One night, William Shatner and Lindsay Lohan stopped by the Olive Garden for a quick bite. They’d just gotten out of a 9:00 PM Broadway showing of Jersey Boys. William’s afternoon horse exhibition ran long, and they hadn’t had time for dinner before the show.
“I sure could use some cocaine,” Lindsay said.
William did a double take. “What?”
“Cocaine. You know, nose candy? Blow? Crank? The white stuff? Alaskan marching powder? The Bob Downey Loco–”
“I know what cocaine is.” William was utterly dumbfounded. “But why would you ever use it? It’ll kill you, eventually.”
Lindsay became defiant. “Look. It’s Tuesday. In the Lohanverse, that’s cokey-treat day. If you’re going to get all paternal on me, I’ll get my veal parm from the to-go window, and take a cab home.”
William shook his head and waved his arms in protest. “No, no, I’m just here for the pasta and the conversation. What you do with your body is your business.”
“Good. Now let’s get a table.”
Tuesday nights at the Manhattan Olive Garden were fairly slow. While a handful of couples and families were scattered about the dining area, the restaurant was mostly empty. As the maitre’d led Lindsay and William to their table, none of the patrons even gave the duo a second look. They were too absorbed in their salads, breadsticks, and conversations to notice two of America’s hottest young superstars were just a few feet away. Such is the power of the Olive Garden and the Tour of Italy.

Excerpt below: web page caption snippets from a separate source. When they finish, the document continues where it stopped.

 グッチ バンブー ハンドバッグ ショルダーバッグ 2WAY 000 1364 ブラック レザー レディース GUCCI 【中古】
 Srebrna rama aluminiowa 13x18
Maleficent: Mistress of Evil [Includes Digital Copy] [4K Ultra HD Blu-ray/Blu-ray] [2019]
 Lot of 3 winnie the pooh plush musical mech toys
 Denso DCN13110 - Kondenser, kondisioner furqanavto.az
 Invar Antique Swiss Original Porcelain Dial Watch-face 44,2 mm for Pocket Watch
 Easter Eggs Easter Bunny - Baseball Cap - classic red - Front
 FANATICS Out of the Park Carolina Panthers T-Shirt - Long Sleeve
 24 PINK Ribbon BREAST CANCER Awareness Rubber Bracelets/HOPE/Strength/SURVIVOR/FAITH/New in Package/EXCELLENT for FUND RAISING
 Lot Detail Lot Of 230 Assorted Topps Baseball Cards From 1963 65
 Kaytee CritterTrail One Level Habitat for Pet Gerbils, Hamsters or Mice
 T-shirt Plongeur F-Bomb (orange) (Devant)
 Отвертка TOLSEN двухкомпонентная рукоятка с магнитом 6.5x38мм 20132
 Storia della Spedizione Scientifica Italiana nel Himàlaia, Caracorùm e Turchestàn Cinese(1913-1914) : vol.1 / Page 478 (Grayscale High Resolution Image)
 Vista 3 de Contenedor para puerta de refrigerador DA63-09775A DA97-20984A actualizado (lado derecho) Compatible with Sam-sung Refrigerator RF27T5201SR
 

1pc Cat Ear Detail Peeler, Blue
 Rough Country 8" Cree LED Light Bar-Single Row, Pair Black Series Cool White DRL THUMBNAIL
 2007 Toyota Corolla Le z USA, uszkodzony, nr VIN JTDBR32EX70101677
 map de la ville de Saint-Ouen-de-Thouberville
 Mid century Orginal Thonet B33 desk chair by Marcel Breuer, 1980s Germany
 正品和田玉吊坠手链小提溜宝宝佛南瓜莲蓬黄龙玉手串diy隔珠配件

William ordered a bottle of Châteaunuf-du-Pape and two glasses, and the maitre’d ran off. While William buried his head in the menu, Lindsay picked up the butter knife and ran its edge along her wrist. Nothing happened. She tried again. Still nothing. She muttered an expletive under her breath and started making furious hacking motions with the knife. Try as she might, she couldn’t put so much as a scratch into her arm.
“These knives suck,” Lindsay complained, as she tossed the knife back on the table. William didn’t seem to notice. “Bill? Are you paying attention to me? BILL!”
Startled, William jumped in his seat and his knees crashed into the underside of the table. “Ow!” he said. “What is it?”
Lindsay’s expression turned very serious. “Never mind,” she said. “There’s something I want to ask you.” Her eyes burned with a fierce determination that William had never seen before.
“What is it?”
She took a deep breath before continuing. “What if…and this is kind of out there so just work with me here…what if we were…you know, one person?”
William just stared.
“Here, I made this on the computer to help you visualize.” She dumped the contents of her purse onto the table. About 30 prescription bottles dropped out and rolled off in all directions, along with a pouch of strawberry Big League Chew, and a balled up sheet of computer paper. She flattened out the paper as best she could, and handed the wrinkled sheet to William.
This is what he saw:
“My God, Lindsay, this is…this is…”
A smug smile of satisfaction spread across Lindsay’s lips. “Pretty mind-blowing, huh?”
Before William could answer, the maitre’d came with the wine. She set the glasses on the table and began to pour.
“I think we’re going to need something stronger,” William told her. He looked over at Lindsay. “Scotch?”
“Scotch,” she agreed, as she downed a bottle of Oxycontin pills.
“Sure thing,” the maitre’d said. She made a note on her order pad. “What’s the occasion? You two look giddy as schoolgirls.”
Simultaneously, they sang.
“Lohatner! Lohatner! Looooooooooohatner!”
The maitre’d fainted.
Lindsay and William were too engrossed in their singing to notice.